Une biographie d'Adorno s'expose à l'objection qu'il n'appréciait
guère lui-même ce genre et émettait au contraire les plus expresses
réserves sur le fait d'exploiter des oeuvres littéraires ou philosophiques
pour parler de leurs auteurs. Assurément, Adorno a lu et
utilisé des biographies, à commencer par celle de Richard Wagner,
mais, s'agissant de sa propre personne, il exprimait l'espoir qu'on
ferait passer ses écrits avant les accidents de son existence.
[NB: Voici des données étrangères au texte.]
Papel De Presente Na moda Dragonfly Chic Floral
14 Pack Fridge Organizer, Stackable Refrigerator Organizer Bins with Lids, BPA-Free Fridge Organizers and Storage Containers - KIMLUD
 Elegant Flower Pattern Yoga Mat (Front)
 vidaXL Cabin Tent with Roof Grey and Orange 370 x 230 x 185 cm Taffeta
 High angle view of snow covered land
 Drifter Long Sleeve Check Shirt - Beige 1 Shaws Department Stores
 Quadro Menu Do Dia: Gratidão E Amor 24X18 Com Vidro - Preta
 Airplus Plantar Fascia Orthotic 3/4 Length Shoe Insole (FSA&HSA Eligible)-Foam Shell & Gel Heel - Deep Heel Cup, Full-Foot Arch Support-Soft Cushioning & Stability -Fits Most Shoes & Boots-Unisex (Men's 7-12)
Il n'eut
de cesse de refuser, face à des compositions musicales ou à des textes
littéraires, qu'on y cherche du vécu, des intentions subjectives,
ou des affects de l'auteur.
Or, ses propres textes contiennent, à de nombreux endroits, des
propos autobiographiques, invitation à penser l'interdépendance
entre la teneur objective de l'oeuvre et son lieu historique - ce qu'il
appelait le champ de forces entre la situation historique du sujet-auteur,
sa vie et son oeuvre.
Cette maxime a guidé l'enquête présente : reconstruire le contexte
de vie d'Adorno dans son interaction avec d'autres - notamment
Kracauer, Benjamin, Mann, Horkheimer, Habermas... -, voilà
ce qu'entreprend Stefan Müller-Doohm. Grâce à un corpus de
sources comprenant les écrits d'Adorno, ses lettres publiées ou
conservées en archives, diverses notes et transcriptions de ses cours
et conférences, ainsi que ses entretiens avec des témoins contemporains.